Christopher Hall: Girl For All Seasons comedy review – Big laughs and charisma
A joyful ode to female friends in this high-energy display which reflects on decades that were even less tolerant than this one

He’s here, he’s queer and he wants to hang out with his girlies. Those are just a few of Christopher Hall’s qualities that make him such a delight on stage. He’s also a wildly energetic performer, dancing and pirouetting from one side of his sizeable performance space to the other with the alacrity of a backing dancer at a Beyoncé gig. Rig him up and the kinetic force emanating from Hall could power several multi-storey buildings.

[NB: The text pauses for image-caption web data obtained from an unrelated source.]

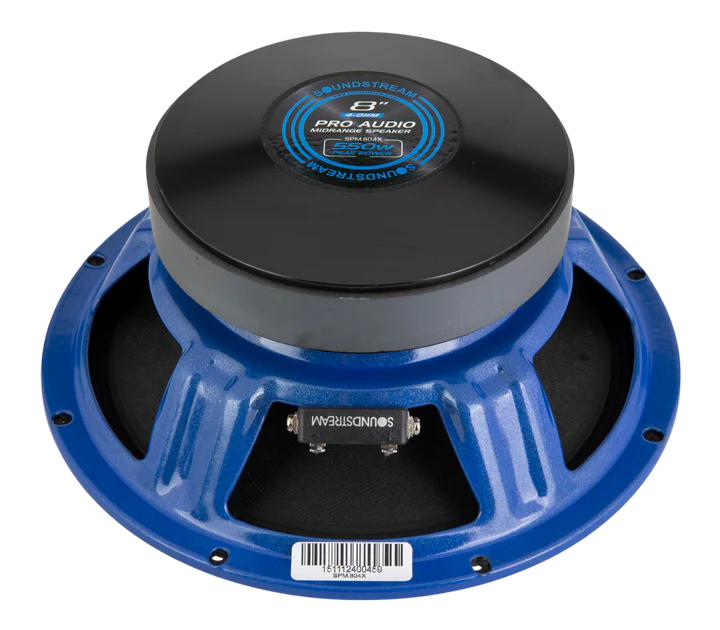 Soundstream SPM.804X 8" Pro Audio Midrange Speaker 550W (Pair)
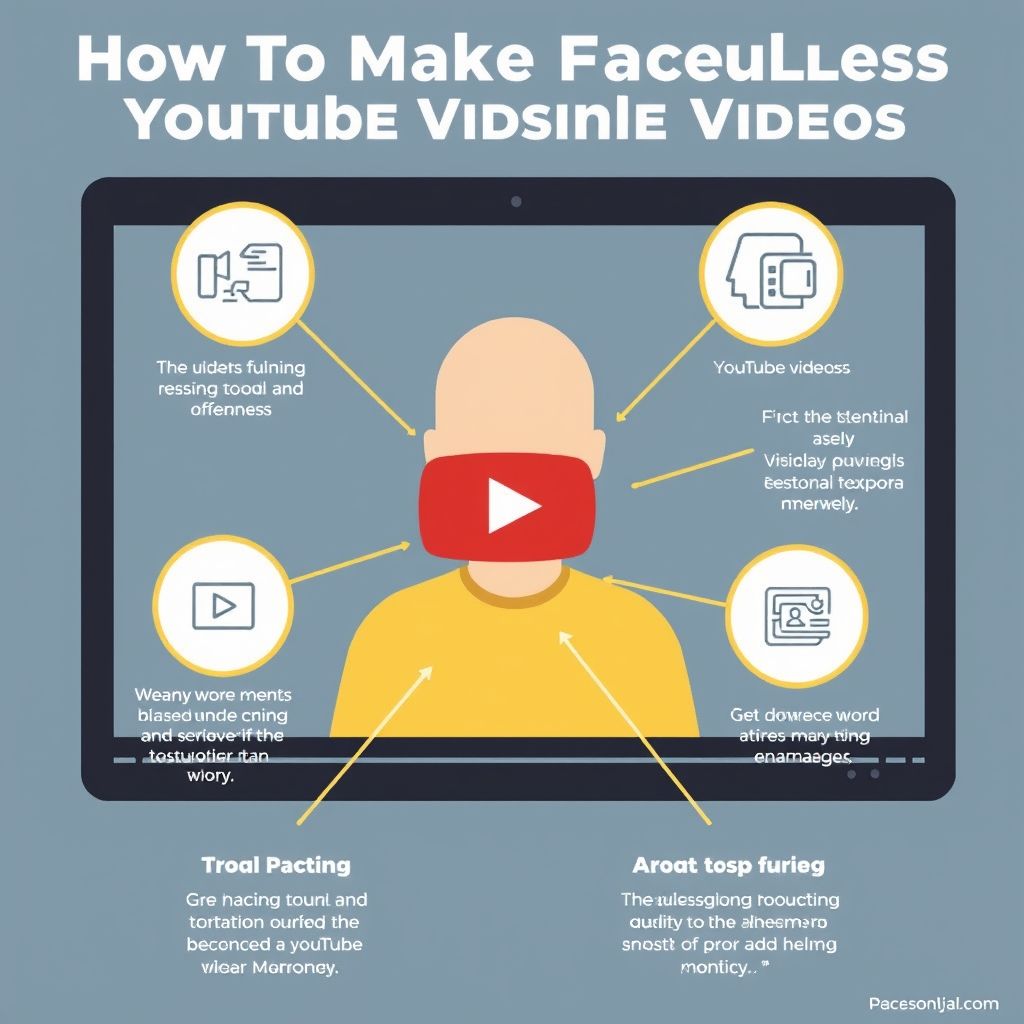 Visual explanation of how to make faceless youtube videos using ai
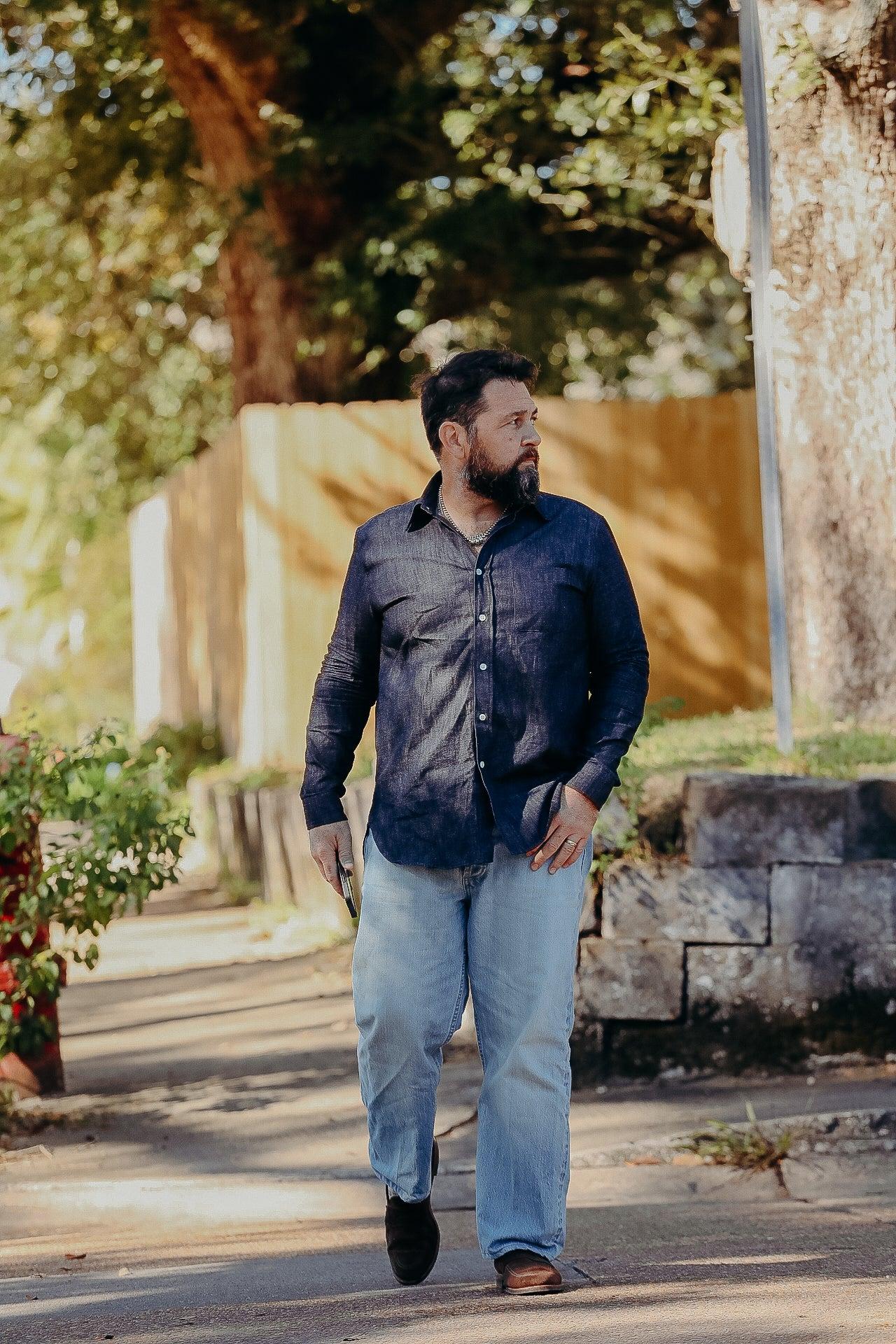 ANM Church Shirt- Indigo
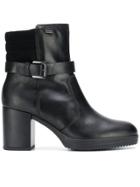 Geox Buckled Ankle Boots - Black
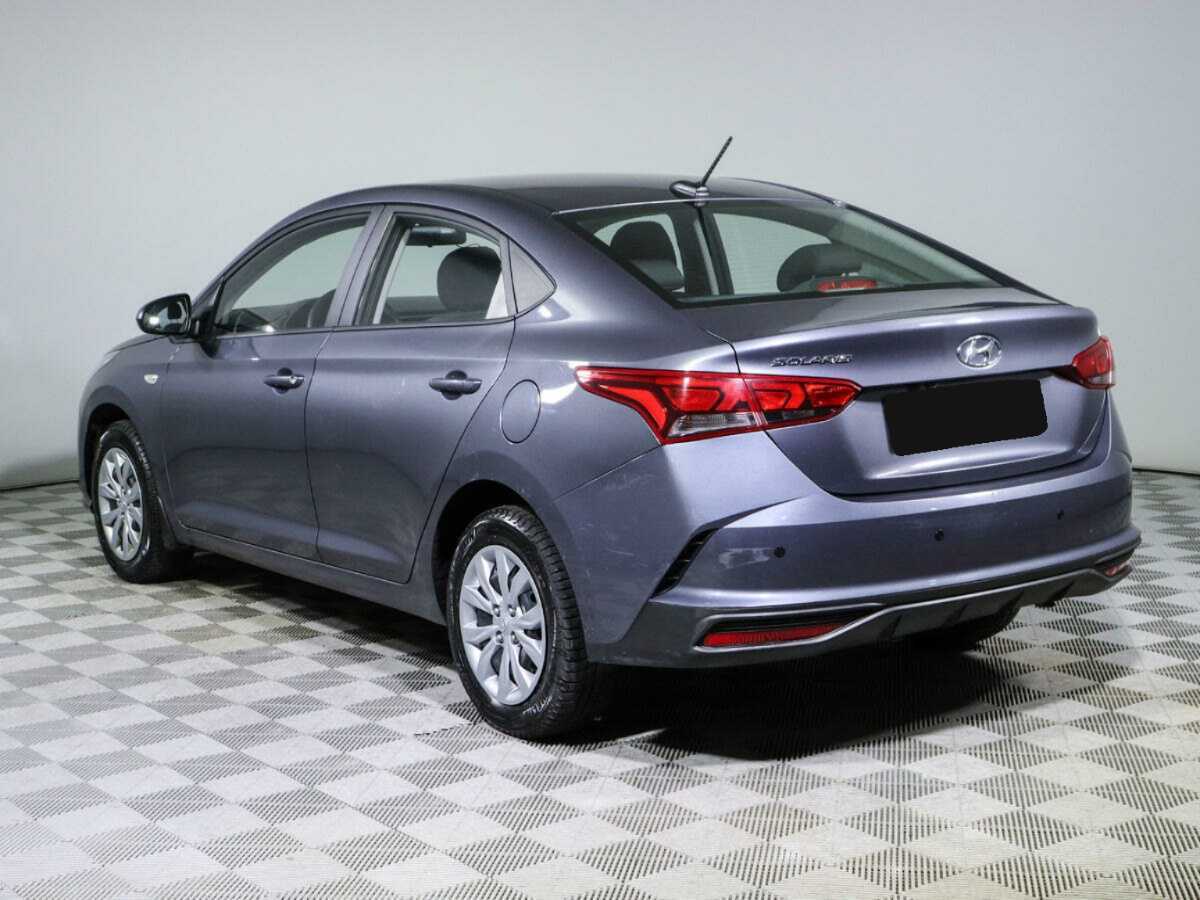 Hyundai Solaris 2021 года с пробегом. Фото: #5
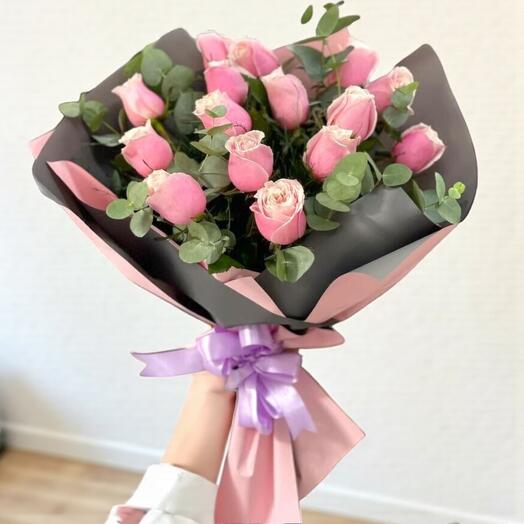 Pink Rose Bouquet - Elegant Love Meaning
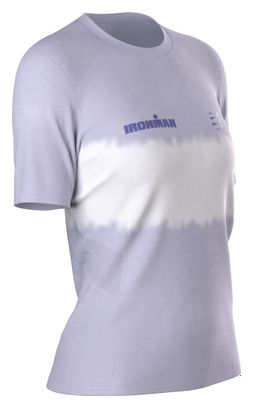 Maglietta Compressport Performance Ironman 2026 Viola/Bianco Donna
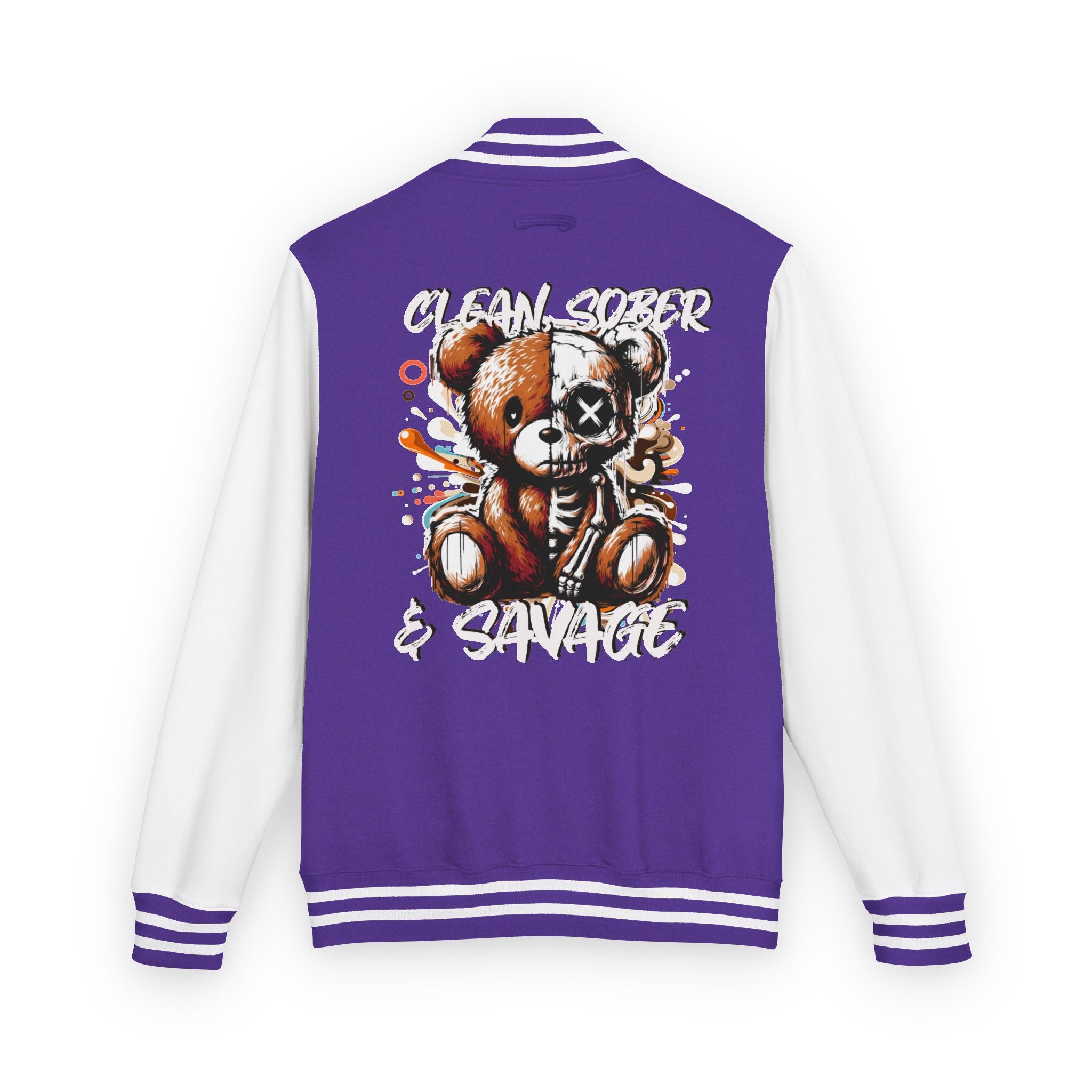 Clean, Sober & Savage Unisex Heavyweight Letterman Jacket | Trendy College Apparel, Retro Sportswear, Casual Jacket, Gift for Teens, [...]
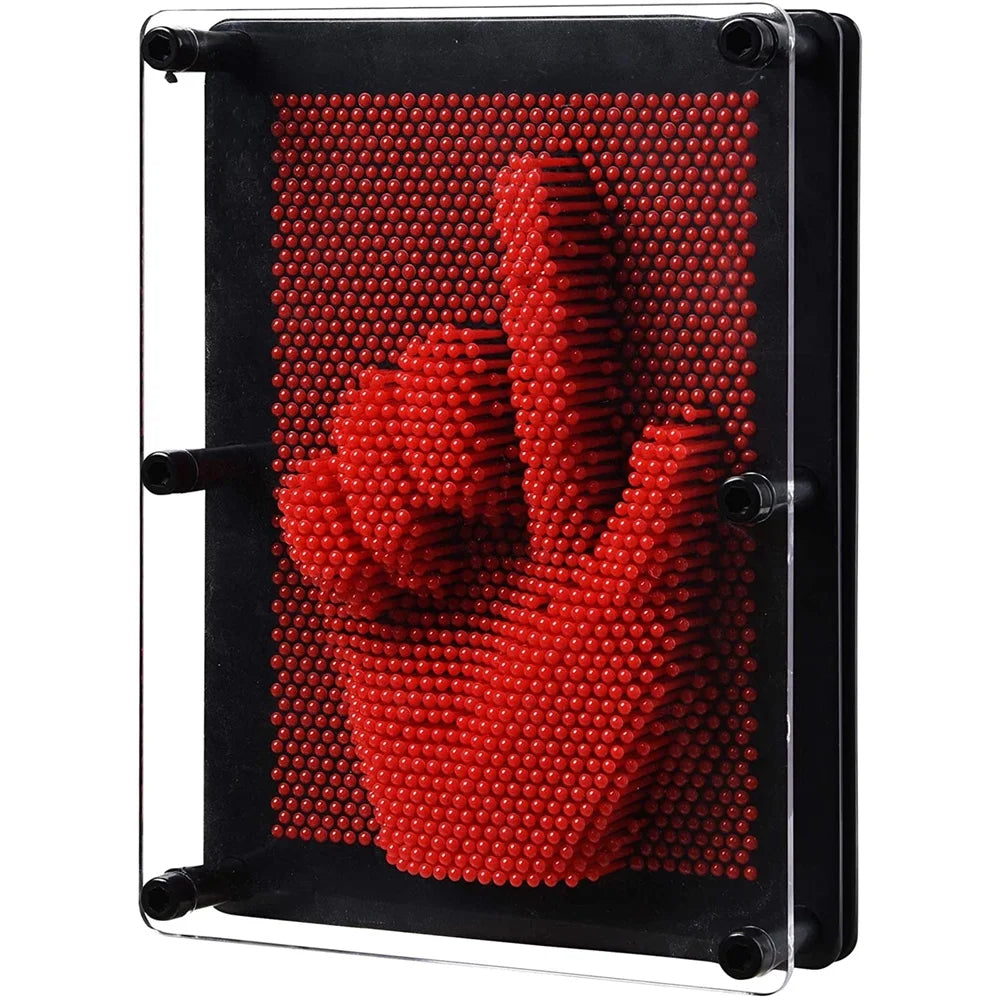 Red 3D Pin Art Board Toy G7956
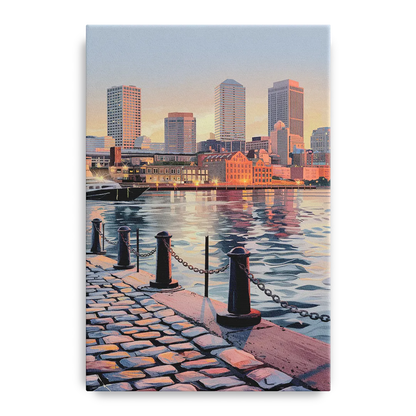 Boston Waterfront Serenity - Canvas Wall Art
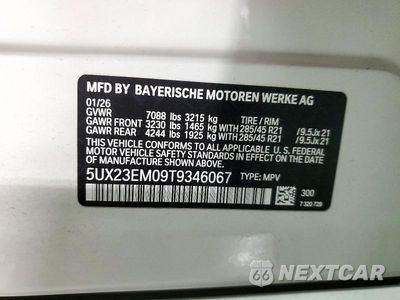 Zdjęcie 13 z 13 samochodu: 2026 BMW X7 XDRIVE40I VIN:5UX23EM09T9346067 - miniatura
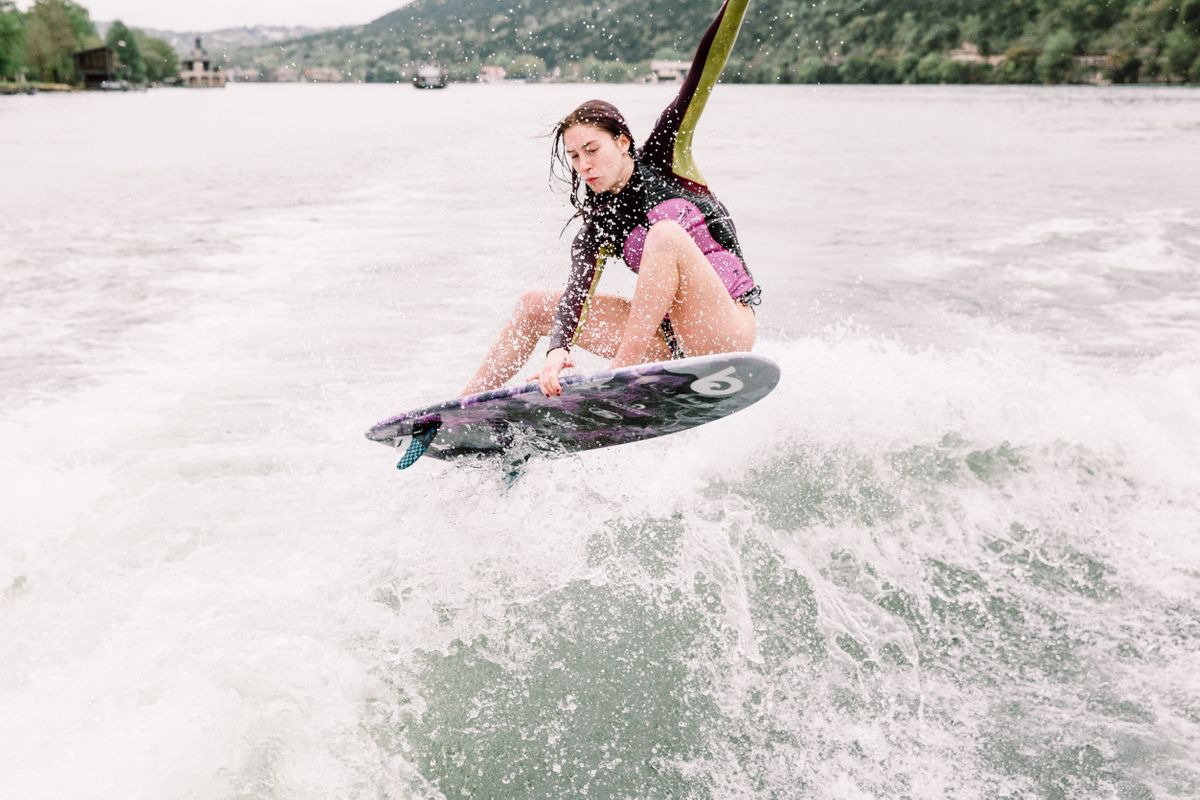 Wakesurf photo session with Raleigh Hager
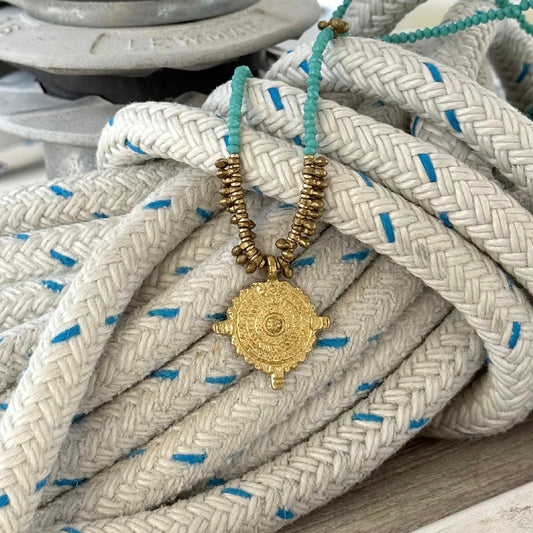 Moonrise • Brass Necklace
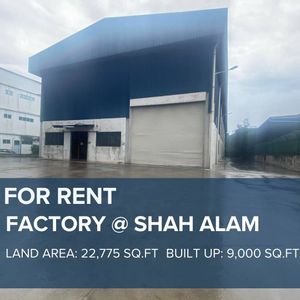 Mah Sing Integrated Industrial Park Detached Factory Half Acre Rent for ...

In between his bouts of aerobic prowess, this proudly camp thirtysomething focuses on the bond he has with his female friend group and the disconnect between being ‘girly’ and growing up in the 1990s, a time when gender binaries were still strictly policed.
If any of that sounds like the standard trauma narrative of the Fringe, fear not; this is broad-appeal observational fare delivered with a wink, a smile and a few nods to the early days of MSN Messenger and mid-2000s cultural artefacts such as Bad Girls. Sometimes his exuberance is papering over undeveloped material, but there are moments here where both premise and energy come together like they were formed in the Large Hadron Collider (his closing segment on weddings is a phenomenal balancing act of charisma and big laughs). Hall wants to sprinkle his show with the atmosphere of a giant, relentless night out; in this ode to the majesty of women, he succeeds.
Christopher Hall: Girl For All Seasons, Gilded Balloon At The Museum, until 25 August, 9.10pm; touring the UK until October 2024; main picture: Jiksaw.